|
 |
 Main | Archive | Issue 3/2008
|
Big Brothers/Big Sisters: 15 Years in Russia
Column: Charity



Big Brothers/Big Sisters, or BBBS, programs have been operating in the U.S. for over a century now and have successfully provided social services for orphans as well as disadvantaged children and youth in Russia the last 15 years.
It all began back in 1992 when participants in the BBBS program in New York and Moscow met and exchanged experience. After that an assistance program for orphans was launched. Soon afterward, several children’s institutions and children living in single-parent homes joined the program. After the first BBBS program was launched in Perm in 1999, the idea caught on in other places. The regional governments provided office space and created some staff positions. Trainers from Moscow, Lithuania, and the U.S. taught local staff workers and psychologists in correspondence with BBBS international standards. From Perm the program quickly expanded to Tyumen, Yoshkar-Ola, Ryazan, Yaroslavl, Kirov, and Tambov. We are happy to have succeeded in matching mentors with hundreds of disadvantaged children and in creating opportunities for friendship, care by adults and hope for a better life in the future.
In 2007, over 400 mentors were selected in Russia for working with children between 7 and 18 years old. BBBS programs in this country provide care for disabled children, orphans, kids from single-parent families as well as children with behavior problems. The latest polls of the parents of the children involved in the program showed that the physical health of 60 percent of the mentored children improved, 80 percent did better in sports, 90 percent performed better in school and the emotional state of 100 percent of the children concerned improved.
Big Brothers/Big Sisters began operating in Moscow in 2006. Currently we are cooperating with four orphanages in the city where more than 300 children who are from 5 to 17 years old live and study. We try to enlist the help of employees of embassies, and Russian and foreign companies--they become a role model for these children.
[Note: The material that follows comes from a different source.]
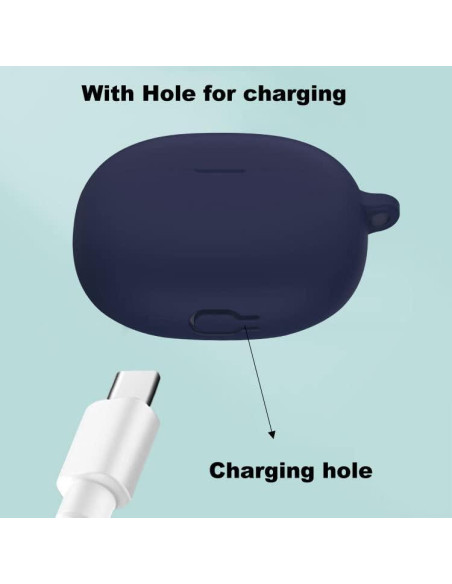 Funda de Silicona SMAATE para Auriculares Anker Liberty 4 NC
A Big Brother or Big Sister is someone to talk to, confide in, a friend with whom a kid can go to the movies, for a walk . The embassies of the U.S. and Ireland have already become our partners. Justin Harman, the Ambassador of Ireland, for one, is honorary chairman of the BBBS supervisory board. Ernst & Young, Cushman & Wakefield, PricewaterhouseCoopers, Holiday Inn Vinogradovo, the Renaissance Hotel, and the companies TBWA, and Mayfair are all our corporate partners. Seventy five staff members of the mentioned companies are either completing their training for the role of Big Brothers and Big Sisters or are already mentoring their Little Ones. We insist that the very first meeting take place in the child’s home, in a familiar surrounding. Later on, it is not a bad idea to go with the child to the zoo, to the cinema or the theater, visit an exhibition or just have ice cream or go for a walk.
Holding BBBS special events, during which mentor pairs--Big and Little Brothers and Sisters--are honored is one of the most graphic ways of our work. One such event was held on October 27, 2007, thanks to Holiday Inn Vinogradovo, which provided premises and food at its own hotel as an act of charity. The above company is BBBS’s main sponsor in both the U .S. and Russia and it is planning to run a program that will provide jobs to children who have left Russian orphanages.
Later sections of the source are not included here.